On Tue Jun 23, 2026 at 8:09 AM CEST, Philipp Stanner wrote:
> The reason I wrote "typically" is because my mind had the potential
> future use-case of ours prefetched where we might have to do a
> synchronize_rcu() to wait for a C backend to be done with something,
> where no one really holds a Rust `Guard` (though of course the read
> lock).

In that case I'd just say "read side critical section" and then mention the
rcu::Guard type as one way to end up in such.

In comparison with other synchronization primitives, RCU is a global mechanism,
so only talking about the rcu::Guard specifically might indeed be misleading.

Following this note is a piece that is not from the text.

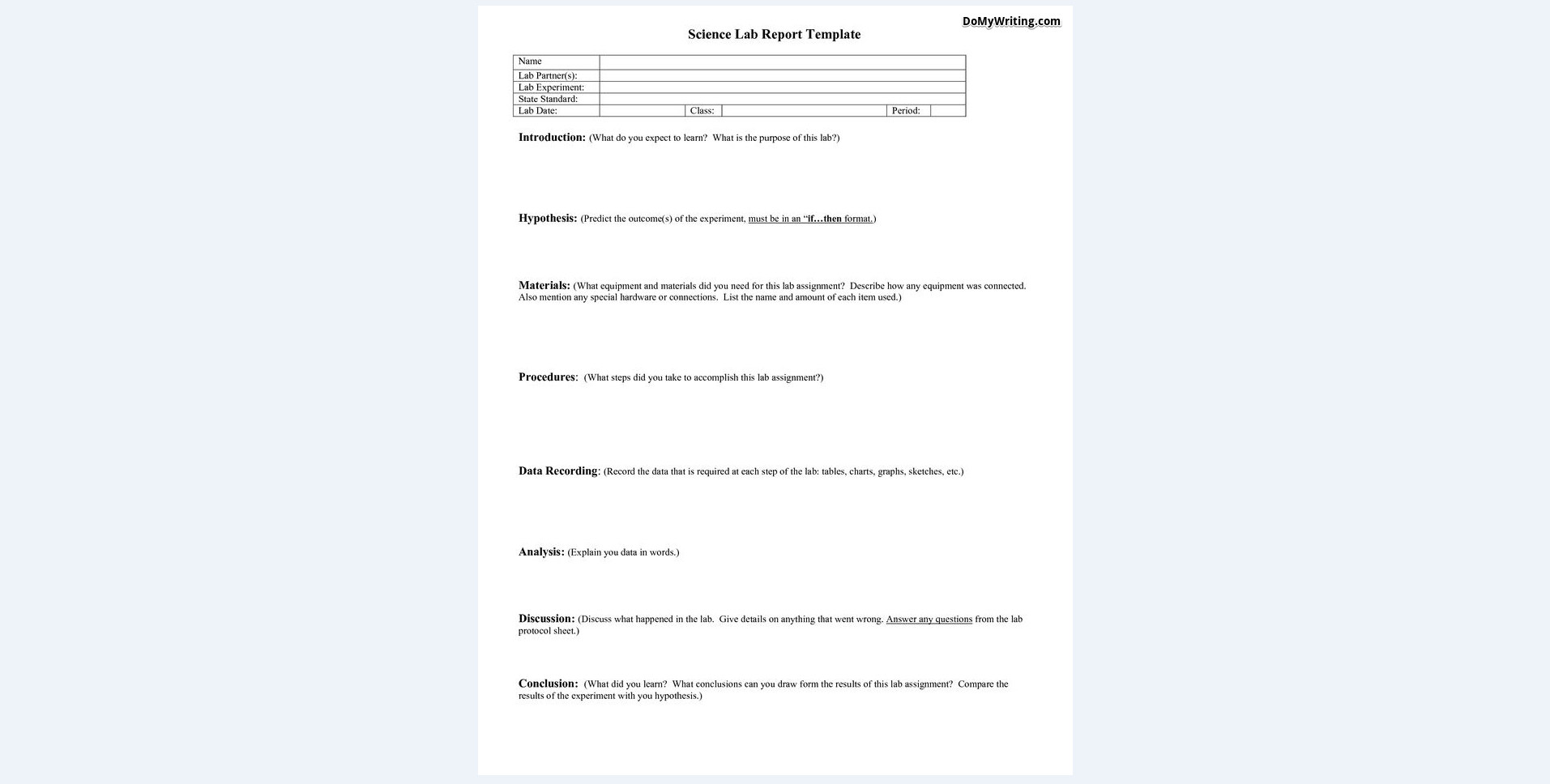 Writing A Lab Report: Everything A Student Should Know To With Lab Report Conclusion Template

>> Also, while it's implicit, it might still be worth to explicitly call out 
>> that
>> this means concurrently held Guard objects (concurrent read side critical
>> sections), i.e. subsequent read side critical sections may still run
>> concurrently.
>
> That's quite generic RCU knowledge IMO. I'm not sure to what degree one
> wants to document RCU in general at this new function here, vs just the
> Rust API.

One or two precise sentences should be enough; no need to document RCU in
general.

> Rewording the documentation is fine by me, but since we're in a nitty
> domain here I would then ask you to provide a few draft sentences that
> would satisfy your basic requirements.

Should be as simple as adding "in progress", e.g. considering the above:

        This waits for all RCU read-side critical sections already in progress,
        including those established by an [`rcu::Guard`].
        
        This does not prevent new read-side critical sections from starting;
        those may begin and run while this call blocks.